The purpose of this violence is to create a Hostile Environment. It is an ongoing attempt to expel all racial minority communities from Belfast.

And, importantly, the violence has not ended.

There are ongoing calls to action for continuing this movement throughout the UK. These calls have not come from a vacuum. There is a clear political trajectory that we can trace that leads to the current political moment.

There is, of course, the ongoing demonisation of migrants – that catch all term within which all manner of disparate groups are contained by the general media. There is the legitimisation of this by the political establishment. The Tories have tried to chase a base that has shifted rightwards and gone heavy on the kind of rhetoric used by Reform UK and UKIP before them. Labour, too, has enabled this, chasing the same voters and abandoning the left, with Starmer not only quoting Enoch Powell in a speech but also proudly publishing videos of immigration raids, and enacting ever more punitive measures on pro-Palestine activists. The purpose of this rightward shift, as pertains to immigration, has been clear. It is, to use a phrase coined by then Home Secretary Theresa May, a system which continues to attempt to create a Hostile Environment.

The hostile environment of the political establishment is a clean one, masked in euphemism and disguise. Here, in Belfast, the hostile environment is unmasked, with the violence plain to see.

On Neofascism

Allow me to preface the next section with a slight aside. There is some hesitation when labelling contemporary political movements as ‘fascist’. This hesitation can be good; it can be part of a healthy scepticism that comes when understanding what a term as loaded as ‘fascism’ means. This hesitation can also be blinding.

It is often blinding.

In liberal historiography, fascism died in 1945. It died with Mussolini upside down on petrol station rafters and Hitler alone on the cold concrete floor of a surrounded bunker. This is comforting. This is wrong.
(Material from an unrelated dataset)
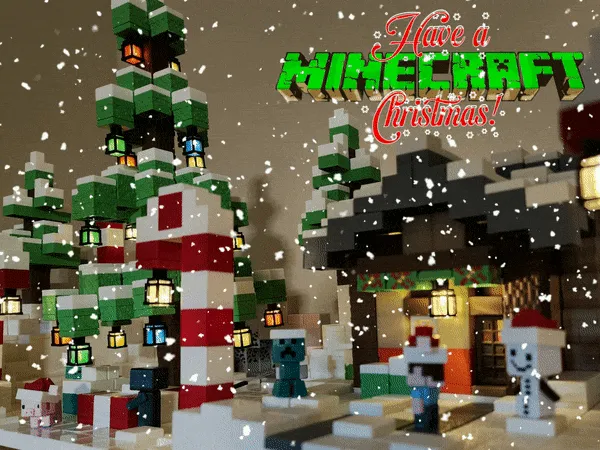 Minecraft-inspired Christmas House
Fascism continued to exist. Hundreds of thousands of Nazis who perpetrated genocide walked free. Fascist regimes continued in Spain, and fascist movements continued to pop up around the world throughout the 20th and into the 21st centuries.

What is often pointed to by opponents of labelling contemporary far-right movements as ‘fascist’ is that they lack some of the aspects of the fascism of the first half of the 20th Century. Most notably, they lack the emphasis on a structured and organised militarism. There is no real modern equivalent to the Brownshirts or the Blackshirts, at least in terms of structure. What is also noted is that none but the most fringe of far-right groups actually call themselves fascists openly (although this does change somewhat when offered the anonymity of the internet). But to deny the use of the word ‘fascist’ based on looking for exact replicas is to go hunting for ghosts. Liberals of the modern world do not replicate the liberalism of the 19th Century. Socialists, too, do not replicate the socialism of the 1910s. Why do we expect this of fascists?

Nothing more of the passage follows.